I am new to Druid and have set up a basic ingestion from my Kafka topics. My payloads of the Kafka messages do not have a timestamp.
Is it currently possible to use the current time of ingestion as a timestamp?

Thanks in advance!

Hi abaschkim,

Welcome to the druid forum, you can set a default with something like this

“missingValue”: “2022-01-01T00:00:00Z”

in the timestampSpec as mentioned here: Ingestion · Apache Druid

but I suspect you want to add the ingestion time per record correct?

Yes, that is what I am currently doing, and I was hoping there was something like ‘current_time’.

We specifically avoid this functionality on purpose because it reduces rollup and also has other potential issues.

Please read through this discussion for more information if needed:

Credit to @Ben_Krug who pointed out the following:

As of recently, I believe you can get event header info like timestamp - see Apache Kafka ingestion · 2022.02. not sure if it can directly be used for timestamp, or if you’ll need to use a transform for __time.

docs.imply.iodocs.imply.io

Apache Kafka ingestion · 2022.02

Overview of the Kafka indexing service for Druid. Includes example supervisor specs to help you get started.

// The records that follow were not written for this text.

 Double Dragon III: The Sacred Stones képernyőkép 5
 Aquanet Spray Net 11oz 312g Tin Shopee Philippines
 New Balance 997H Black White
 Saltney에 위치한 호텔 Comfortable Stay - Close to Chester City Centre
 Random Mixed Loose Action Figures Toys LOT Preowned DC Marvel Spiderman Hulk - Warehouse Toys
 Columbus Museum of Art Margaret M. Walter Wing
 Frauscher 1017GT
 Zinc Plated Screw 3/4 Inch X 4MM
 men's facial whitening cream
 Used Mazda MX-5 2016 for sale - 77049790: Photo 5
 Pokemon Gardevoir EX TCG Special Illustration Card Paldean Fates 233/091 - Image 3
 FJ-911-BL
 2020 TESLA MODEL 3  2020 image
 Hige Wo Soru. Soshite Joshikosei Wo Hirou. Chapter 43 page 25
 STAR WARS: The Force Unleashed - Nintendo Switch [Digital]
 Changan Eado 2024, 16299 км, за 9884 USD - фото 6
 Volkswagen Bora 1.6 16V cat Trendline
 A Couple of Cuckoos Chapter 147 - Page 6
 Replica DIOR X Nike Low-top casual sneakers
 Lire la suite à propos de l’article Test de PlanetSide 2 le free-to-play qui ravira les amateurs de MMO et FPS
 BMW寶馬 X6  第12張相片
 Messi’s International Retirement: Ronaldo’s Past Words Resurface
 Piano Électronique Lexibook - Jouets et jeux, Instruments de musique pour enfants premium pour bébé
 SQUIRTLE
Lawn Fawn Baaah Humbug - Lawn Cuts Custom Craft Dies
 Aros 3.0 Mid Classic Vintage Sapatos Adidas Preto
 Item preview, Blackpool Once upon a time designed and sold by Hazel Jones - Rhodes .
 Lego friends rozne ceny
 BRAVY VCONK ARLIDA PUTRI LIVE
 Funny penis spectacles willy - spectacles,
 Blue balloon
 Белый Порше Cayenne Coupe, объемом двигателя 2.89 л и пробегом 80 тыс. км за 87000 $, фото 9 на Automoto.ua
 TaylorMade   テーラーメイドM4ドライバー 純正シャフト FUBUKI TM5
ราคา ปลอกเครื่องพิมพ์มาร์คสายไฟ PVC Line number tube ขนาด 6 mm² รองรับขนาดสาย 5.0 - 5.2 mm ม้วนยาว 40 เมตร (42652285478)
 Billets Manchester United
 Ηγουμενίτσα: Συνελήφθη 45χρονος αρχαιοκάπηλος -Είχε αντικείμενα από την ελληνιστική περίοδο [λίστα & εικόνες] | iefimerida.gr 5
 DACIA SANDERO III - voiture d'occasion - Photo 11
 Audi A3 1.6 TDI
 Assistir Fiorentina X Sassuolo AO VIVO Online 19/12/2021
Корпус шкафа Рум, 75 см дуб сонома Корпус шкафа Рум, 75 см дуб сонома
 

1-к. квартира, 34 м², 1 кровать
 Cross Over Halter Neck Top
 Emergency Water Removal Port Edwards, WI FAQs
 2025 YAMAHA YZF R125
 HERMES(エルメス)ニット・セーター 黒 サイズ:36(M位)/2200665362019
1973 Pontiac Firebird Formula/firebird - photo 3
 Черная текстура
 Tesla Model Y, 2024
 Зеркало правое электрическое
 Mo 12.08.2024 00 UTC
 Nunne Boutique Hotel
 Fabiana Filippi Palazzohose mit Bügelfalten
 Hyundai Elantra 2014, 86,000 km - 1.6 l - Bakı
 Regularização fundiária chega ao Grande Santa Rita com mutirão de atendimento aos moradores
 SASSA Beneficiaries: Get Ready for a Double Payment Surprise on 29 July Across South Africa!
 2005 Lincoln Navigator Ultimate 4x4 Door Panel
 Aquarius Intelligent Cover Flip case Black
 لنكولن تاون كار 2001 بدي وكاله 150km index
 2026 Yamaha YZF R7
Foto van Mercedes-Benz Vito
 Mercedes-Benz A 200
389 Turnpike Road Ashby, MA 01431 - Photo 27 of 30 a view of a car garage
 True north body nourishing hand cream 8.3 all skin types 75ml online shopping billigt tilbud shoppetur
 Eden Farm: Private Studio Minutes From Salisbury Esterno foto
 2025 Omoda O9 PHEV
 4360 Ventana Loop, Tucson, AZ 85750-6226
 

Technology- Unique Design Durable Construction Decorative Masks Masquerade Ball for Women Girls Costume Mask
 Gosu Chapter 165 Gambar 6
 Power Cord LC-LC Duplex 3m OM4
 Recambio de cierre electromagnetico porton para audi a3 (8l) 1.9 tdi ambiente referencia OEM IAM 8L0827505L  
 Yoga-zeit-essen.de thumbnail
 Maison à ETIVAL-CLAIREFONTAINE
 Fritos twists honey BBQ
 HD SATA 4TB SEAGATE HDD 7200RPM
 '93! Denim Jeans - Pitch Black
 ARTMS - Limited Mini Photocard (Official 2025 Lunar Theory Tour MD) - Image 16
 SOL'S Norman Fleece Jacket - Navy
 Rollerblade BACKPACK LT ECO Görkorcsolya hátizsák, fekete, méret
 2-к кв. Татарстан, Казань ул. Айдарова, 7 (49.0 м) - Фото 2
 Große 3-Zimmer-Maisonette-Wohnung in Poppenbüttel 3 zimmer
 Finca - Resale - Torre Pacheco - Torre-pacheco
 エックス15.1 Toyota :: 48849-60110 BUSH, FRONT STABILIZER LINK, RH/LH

You can use the Kafka message timestamp, which is not the same as the ingestion timestamp. Also, this functionality is currently only available in Imply’s version of Druid, it has not been included in the open source release. (You may be able to use this if you build your own Apache Druid from the latest snapshot on Github, though.)

3 Likes

Thanks for pointing that out Hellmar, I seemed to have missed that detail.